子の雅言(がげん)する所は、詩、書、執礼(しつれい)。皆雅言す。(述而 十七)

――――孔子が標準語で語られるのは、詩、書、礼法についてであった。これらのことは、皆標準語で語られた。――――

講談社学術文庫では、「標準語」ではなく「文語調」と訳している。ちょっと特別な古い読み方という点を強調するためだろう。
当時の中国語は(現在でも同じだろうか?)、文字は統一されたが、発音は地方によって全く違ったそうである。雅言というのは、周の王都の発音で話すこと。孔子は周の古い文化や政治体制を理想としていたから、普段は魯の言葉(方言と言ってよいだろう)で話していても、詩、書、礼法については周の標準語で語ったのだ。

詩、書はそれぞれ詩経、書経という書物(いずれも儒教の五経に入っている)であったという解釈もある。何れにしても、これらのことを話題にするときは普段の会話とは違う、あらたまった言葉遣いをしたというわけだ(*)。

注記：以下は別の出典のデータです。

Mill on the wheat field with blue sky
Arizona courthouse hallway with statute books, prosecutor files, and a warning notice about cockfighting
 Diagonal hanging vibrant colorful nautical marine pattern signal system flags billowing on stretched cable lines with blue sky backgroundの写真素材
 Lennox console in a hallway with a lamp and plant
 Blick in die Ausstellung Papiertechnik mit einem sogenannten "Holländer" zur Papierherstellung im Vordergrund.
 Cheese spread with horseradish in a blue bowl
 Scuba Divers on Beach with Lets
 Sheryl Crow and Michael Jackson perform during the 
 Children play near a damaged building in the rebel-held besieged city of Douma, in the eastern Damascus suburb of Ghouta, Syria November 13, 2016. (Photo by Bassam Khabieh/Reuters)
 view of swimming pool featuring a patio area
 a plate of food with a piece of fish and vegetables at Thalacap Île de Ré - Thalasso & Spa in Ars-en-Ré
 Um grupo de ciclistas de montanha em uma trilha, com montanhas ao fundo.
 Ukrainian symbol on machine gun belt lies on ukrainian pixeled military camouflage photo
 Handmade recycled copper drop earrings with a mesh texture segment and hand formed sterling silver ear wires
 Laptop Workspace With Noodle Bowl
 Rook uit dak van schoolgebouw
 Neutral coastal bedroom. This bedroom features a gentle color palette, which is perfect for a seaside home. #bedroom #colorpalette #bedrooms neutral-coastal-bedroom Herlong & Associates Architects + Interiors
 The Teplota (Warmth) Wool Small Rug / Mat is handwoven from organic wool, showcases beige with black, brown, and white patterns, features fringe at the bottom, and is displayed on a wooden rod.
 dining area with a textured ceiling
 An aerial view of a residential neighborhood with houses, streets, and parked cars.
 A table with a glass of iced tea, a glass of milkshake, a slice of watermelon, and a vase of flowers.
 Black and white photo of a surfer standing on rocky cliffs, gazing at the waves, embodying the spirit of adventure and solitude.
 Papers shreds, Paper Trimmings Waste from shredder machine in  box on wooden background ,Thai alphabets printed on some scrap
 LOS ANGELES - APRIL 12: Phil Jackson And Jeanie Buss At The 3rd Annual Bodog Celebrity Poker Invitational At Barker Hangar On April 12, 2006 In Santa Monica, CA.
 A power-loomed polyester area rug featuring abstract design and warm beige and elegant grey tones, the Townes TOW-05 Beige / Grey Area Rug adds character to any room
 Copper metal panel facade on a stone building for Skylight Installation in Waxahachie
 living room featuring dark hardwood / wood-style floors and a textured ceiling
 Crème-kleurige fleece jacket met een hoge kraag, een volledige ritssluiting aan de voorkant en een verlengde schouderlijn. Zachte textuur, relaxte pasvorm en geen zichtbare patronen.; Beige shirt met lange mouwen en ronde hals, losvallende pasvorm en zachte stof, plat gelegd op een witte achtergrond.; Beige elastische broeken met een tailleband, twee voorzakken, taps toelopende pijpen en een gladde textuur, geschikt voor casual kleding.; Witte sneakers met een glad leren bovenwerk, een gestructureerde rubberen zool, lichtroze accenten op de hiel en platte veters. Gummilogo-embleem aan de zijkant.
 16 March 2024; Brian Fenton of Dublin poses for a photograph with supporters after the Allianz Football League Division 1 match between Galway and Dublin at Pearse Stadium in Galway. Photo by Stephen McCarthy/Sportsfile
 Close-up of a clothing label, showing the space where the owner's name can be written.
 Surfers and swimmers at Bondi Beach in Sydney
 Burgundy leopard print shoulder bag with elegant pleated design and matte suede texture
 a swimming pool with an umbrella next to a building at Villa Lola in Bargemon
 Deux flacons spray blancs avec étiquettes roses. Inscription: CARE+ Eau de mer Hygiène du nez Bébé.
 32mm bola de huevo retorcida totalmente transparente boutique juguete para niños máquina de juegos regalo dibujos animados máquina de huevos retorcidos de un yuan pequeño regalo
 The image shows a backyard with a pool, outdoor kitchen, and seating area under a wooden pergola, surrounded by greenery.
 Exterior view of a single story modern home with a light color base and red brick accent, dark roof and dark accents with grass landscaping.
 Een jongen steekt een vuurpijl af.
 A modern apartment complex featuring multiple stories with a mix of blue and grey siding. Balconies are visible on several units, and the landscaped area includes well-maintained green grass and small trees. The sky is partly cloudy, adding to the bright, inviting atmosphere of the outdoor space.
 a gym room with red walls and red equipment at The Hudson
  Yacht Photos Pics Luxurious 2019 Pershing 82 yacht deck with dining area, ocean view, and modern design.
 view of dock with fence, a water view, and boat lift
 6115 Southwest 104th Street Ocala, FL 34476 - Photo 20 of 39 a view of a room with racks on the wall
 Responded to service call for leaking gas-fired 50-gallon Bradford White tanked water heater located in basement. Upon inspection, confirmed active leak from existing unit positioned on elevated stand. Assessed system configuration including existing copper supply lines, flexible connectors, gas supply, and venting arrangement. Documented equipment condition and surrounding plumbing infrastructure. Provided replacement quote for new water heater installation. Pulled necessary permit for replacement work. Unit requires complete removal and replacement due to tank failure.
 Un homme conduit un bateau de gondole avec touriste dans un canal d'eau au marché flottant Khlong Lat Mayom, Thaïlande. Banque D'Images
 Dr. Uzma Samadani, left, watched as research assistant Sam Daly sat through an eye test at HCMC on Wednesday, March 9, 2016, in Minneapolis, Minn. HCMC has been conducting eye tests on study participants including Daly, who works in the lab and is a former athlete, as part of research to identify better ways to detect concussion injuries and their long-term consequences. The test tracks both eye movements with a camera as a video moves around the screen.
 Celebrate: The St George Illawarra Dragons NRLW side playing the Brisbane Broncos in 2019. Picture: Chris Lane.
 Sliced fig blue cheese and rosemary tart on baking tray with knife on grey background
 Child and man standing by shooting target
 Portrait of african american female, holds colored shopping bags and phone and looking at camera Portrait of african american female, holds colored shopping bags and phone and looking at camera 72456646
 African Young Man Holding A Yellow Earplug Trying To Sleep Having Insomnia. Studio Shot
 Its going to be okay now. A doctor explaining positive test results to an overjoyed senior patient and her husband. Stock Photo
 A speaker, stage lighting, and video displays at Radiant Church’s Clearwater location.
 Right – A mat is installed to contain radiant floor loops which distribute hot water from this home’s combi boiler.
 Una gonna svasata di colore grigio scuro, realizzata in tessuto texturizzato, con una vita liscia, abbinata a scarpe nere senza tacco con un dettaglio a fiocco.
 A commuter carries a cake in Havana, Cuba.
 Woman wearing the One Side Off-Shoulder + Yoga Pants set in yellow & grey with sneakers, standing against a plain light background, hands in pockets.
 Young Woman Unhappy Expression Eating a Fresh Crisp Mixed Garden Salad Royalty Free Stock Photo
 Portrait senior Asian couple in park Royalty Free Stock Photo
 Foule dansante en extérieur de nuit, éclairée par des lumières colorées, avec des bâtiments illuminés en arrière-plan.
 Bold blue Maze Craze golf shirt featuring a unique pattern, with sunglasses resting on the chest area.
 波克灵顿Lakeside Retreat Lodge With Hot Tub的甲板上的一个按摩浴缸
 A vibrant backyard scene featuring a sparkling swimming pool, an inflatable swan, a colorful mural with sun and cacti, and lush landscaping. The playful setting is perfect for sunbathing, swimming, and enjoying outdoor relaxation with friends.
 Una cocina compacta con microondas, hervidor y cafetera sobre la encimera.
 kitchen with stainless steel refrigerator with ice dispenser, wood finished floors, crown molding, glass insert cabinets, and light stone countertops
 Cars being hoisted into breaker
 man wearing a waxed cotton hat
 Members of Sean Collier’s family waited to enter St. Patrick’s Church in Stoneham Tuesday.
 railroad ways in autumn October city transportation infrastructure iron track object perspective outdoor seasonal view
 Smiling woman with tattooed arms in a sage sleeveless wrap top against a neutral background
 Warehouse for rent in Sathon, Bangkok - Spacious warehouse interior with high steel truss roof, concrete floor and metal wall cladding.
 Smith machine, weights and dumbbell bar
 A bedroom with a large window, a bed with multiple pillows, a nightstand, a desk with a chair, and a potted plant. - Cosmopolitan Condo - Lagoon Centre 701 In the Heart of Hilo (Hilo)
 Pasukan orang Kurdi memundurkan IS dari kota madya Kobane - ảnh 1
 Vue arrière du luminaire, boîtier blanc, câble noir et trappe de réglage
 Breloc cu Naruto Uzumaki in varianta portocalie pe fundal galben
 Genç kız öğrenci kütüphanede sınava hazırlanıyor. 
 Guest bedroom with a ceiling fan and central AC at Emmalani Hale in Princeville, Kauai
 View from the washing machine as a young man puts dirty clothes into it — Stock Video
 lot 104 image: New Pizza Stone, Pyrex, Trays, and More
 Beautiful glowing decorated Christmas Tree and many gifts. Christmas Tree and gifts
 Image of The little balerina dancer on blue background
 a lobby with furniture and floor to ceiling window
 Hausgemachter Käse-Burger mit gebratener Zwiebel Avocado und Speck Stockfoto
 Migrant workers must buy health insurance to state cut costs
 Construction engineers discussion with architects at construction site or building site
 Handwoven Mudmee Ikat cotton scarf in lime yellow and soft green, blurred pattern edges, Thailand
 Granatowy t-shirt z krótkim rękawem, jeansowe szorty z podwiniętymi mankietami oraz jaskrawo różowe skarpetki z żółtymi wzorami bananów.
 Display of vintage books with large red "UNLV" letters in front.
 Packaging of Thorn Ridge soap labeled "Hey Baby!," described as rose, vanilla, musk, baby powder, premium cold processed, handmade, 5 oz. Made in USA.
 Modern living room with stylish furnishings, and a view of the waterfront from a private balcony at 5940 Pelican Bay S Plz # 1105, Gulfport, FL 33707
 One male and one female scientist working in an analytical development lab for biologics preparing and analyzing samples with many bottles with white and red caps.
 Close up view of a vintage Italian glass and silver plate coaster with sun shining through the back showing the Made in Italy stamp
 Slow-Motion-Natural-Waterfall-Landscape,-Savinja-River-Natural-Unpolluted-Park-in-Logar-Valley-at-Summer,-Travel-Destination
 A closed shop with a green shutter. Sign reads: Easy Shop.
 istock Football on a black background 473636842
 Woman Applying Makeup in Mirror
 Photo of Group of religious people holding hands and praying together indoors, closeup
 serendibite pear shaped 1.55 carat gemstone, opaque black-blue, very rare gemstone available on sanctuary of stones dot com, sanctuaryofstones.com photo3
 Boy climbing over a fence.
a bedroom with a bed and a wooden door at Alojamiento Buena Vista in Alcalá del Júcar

逆に言えば、それ以外の普通の会話や議論の時は、孔子も弟子たちも方言を使っていたわけだ。
漢文の日本語訳と言うと、いつも文語調と決まりきっているが、広い中国だから、様々な方言があるのはむしろ当然だろう。文語調の翻訳のせいで、孔子や弟子たちはいつもああ言う堅苦しい話し方をしているように思い込んでしまいがちだが、そんなことはあるはずがないのである。日本語訳が堅苦しいせいで、論語の内容や孔子という人物までが堅苦しいように思われてしまうのは、孔子の本意とするところではなかろう。

実は論語の中にも、孔子が自宅でのんびりと楽しそうにしている様子を書いた節(述而四など)もあるのだが、それを文語調で読むと、ちっとも楽しそうではない。前回紹介した場面も、文語調だと孔子が子路を諭しているように読めるが、くだけた言葉にすれば、「考えなしに無茶するやつと一緒に行けるか、あほ」となるし、その方が全体の状況には合っていると思う。
論語を日本語に訳すときに、文語調はやめて、日本の方言にしてみたらどうだろう。冗談のように思えるかもしれないが、その方が、話し手のニュアンスや感情が、生き生きと感じとれるのではないだろうか。少なくとも、堅苦しい雰囲気だけは払拭できるだろう。
また、詩、書、礼法についてはわざわざ違う言葉で話したと言うのだから、それらについて語っている部分だけは文語調にして、他の部分と区別するのも良い訳し方かもしれない。
まあ、そんなこともしながら訳の正確さも期すとなると、ひどく難しい作業になりそうだ。せめて読むときに、頭の中で変換して楽しむくらいにしておこうか。
「先生が文語調で話さはるのは、詩ぃ、書ぉ、執礼。みんな標準語で話さはったなあ。」
だいぶん雰囲気が変わってくる。
また、博多弁訳の論語というのも読んでみたい。全ての節が「しぇんしぇいは言いんしゃった」で始まると、雰囲気があって良いと思うのだが、どうだろう。

*なお、「雅言する」を、「つねに言う」と読んで、孔子はいつも詩経、書経、礼法について語っていたとする解釈もあるそうだが、現在では少数派のようだ。